The Home of Berta and Elmer Hader, Nyack, New York

The Home of Berta and Elmer Hader, Nyack, New York

Hader house with car

Nyack, New York — Okay, so I didn’t run by here, but I DID bike by here, so that still seems in keeping with the theme of this blog.

I had the good fortune to be one of the first riders across the new Gov. Mario M. Cuomo Bridge Bike/Walk path.  (The path had officially opened the day before.)

Here’s a shot of it:

Cuomo

I rode from the Tarrytown side all the way over to the other side, and as I was biking through the picturesque town of Nyack, I remembered that Berta and Elmer Hader had lived here, so I needed to go find their house.

Who, I hear you asking, are Berta and Elmer Hader, and why should I care?

Well, they were popular and prolific children’s book writers and illustrators.  A husband and wife team, they met in San Francisco in the teens, married, and moved to Nyack, New York, because they thought that to really make it they had to be near New York City. Over a period of some years, they built this glorious stone house perched high on the hill overlooking the Hudson.  Big enough to accommodate many guests and their studio, they lived, worked and entertained here up until they died (Elmer in 1973, Berta in 1976)

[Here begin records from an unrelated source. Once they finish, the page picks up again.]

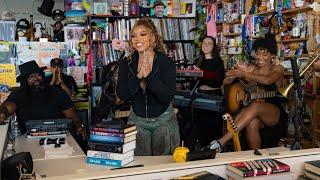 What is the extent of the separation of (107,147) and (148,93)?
0.57 metres

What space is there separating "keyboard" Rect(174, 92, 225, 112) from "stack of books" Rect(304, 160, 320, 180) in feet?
7.72

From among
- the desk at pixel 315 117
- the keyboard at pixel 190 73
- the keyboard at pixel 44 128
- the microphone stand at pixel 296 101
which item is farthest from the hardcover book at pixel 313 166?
the keyboard at pixel 190 73

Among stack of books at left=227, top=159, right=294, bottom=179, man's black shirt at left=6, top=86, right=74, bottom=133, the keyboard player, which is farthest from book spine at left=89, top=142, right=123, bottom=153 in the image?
the keyboard player

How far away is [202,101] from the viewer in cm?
436

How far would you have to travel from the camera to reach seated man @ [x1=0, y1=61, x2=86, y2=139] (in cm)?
353

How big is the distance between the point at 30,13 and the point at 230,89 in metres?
4.05

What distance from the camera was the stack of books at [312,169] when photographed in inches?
66.2

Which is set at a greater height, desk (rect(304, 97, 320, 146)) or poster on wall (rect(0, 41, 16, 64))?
poster on wall (rect(0, 41, 16, 64))

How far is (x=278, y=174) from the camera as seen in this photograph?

Hader_studioBerta and Elmer Hader in their studio in Nyack, NY (Courtesy of Concordia University)

Here are some images of their work:

Here’s the cover of a book they wrote in 1944 about building their lovely stone house.  (It even got a review in the New York Times):

Screen Shot 2020-06-18 at 10.38.31 AM

Elmer also illustrated John Steinbeck’s first four novels – the story goes that Steinbeck saw the drawings for the book “Billy Butter” and was so impressed with it that he asked him to do the cover art for “The Grapes of Wrath.”

One of the things that strikes me about them, their work, and their house, is that it seems like they would have been magical parents.  However, tragically, their only child, Hamilton, died at the age of two from meningitis.  But Berta and Elmer soldiered on and brought joy to hundreds of thousands of children.

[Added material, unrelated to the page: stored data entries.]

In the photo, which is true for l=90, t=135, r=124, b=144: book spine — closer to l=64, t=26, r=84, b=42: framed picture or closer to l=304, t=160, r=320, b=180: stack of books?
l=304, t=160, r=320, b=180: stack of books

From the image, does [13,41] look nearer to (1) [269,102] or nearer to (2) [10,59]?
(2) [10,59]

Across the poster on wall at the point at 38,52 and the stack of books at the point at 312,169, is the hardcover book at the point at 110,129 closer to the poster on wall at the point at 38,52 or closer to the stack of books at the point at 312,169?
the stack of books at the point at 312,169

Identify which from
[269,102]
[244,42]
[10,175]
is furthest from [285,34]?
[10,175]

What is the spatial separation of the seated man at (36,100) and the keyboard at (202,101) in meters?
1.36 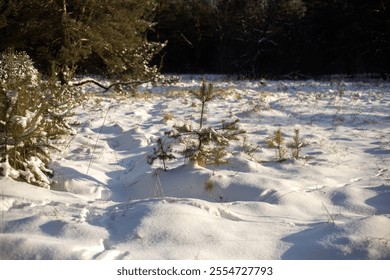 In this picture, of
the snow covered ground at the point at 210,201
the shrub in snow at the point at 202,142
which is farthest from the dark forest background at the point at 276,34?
the shrub in snow at the point at 202,142

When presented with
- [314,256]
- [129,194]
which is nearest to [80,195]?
[129,194]

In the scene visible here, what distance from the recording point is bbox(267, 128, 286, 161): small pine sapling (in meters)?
4.65

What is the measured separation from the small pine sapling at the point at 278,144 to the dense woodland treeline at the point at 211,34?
5.29 metres

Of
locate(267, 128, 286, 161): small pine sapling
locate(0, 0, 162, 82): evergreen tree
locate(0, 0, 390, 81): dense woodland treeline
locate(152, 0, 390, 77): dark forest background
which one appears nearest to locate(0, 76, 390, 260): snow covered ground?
locate(267, 128, 286, 161): small pine sapling

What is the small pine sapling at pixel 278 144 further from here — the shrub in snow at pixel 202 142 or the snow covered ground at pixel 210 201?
the shrub in snow at pixel 202 142

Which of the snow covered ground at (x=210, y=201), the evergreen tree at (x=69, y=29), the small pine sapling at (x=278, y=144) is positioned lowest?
the snow covered ground at (x=210, y=201)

According to the research guide at the Concordia University Library, which houses an archive of their illustrations, the Haders once wrote this about their artistic philosophy:

“We write for children, not to preach, nor moralize, but to suggest that the world about them is a beautiful and pleasant place to live in, if they but take time out, to look. And perhaps in doing so, our young readers will develop an interest to save what is good of their world for others to enjoy.”

What a delightful and joyful way to approach the world, eh?

The Haders were active in their community, early supporters of the environmental movement, and committed pacifists (Elmer had served in WWI, though it’s unlikely he ever saw any action, leaving on a troopship for France as he did on November 10, 1918, the day before the Armistice.)

But I’m not going to lie – my interest in the Haders did not stem from books of theirs I read as a child.  No, my interest in them comes by way of Laura Ingalls Wilder and “Little House in the Big Woods.”

Little_House_in_the_Big_woods_easyshare

That’s a whole other post unto itself, which I will take up at the proper time, but let’s just say that Berta flatted with Laura Ingalls Wilder’s daughter Rose in San Francisco in the late teens.  It’s during this time that Berta met Elmer, a fellow artiste and a former vaudeville performer, and they all moved to New York to live in that epicenter of artistic poverty, Greenwich Village, in a converted stable at 31 Great Jones Street. (Well, I’m not sure Elmer lived with them there, but he was certainly in the picture by then.)

31 Great Jones Street

(Courtesy Google Maps Street View)

Berta married Elmer in 1919, and they moved to Nyack, New York.  This is their wedding photo:

Hader_wedding_-_MAIN_PAGE

(Courtesy of Concordia University)

Berta and Elmer would spend the rest of their lives in their eyrie at 55 River Road, watching the sun rise over the Hudson, and happily writing and illustrating books together.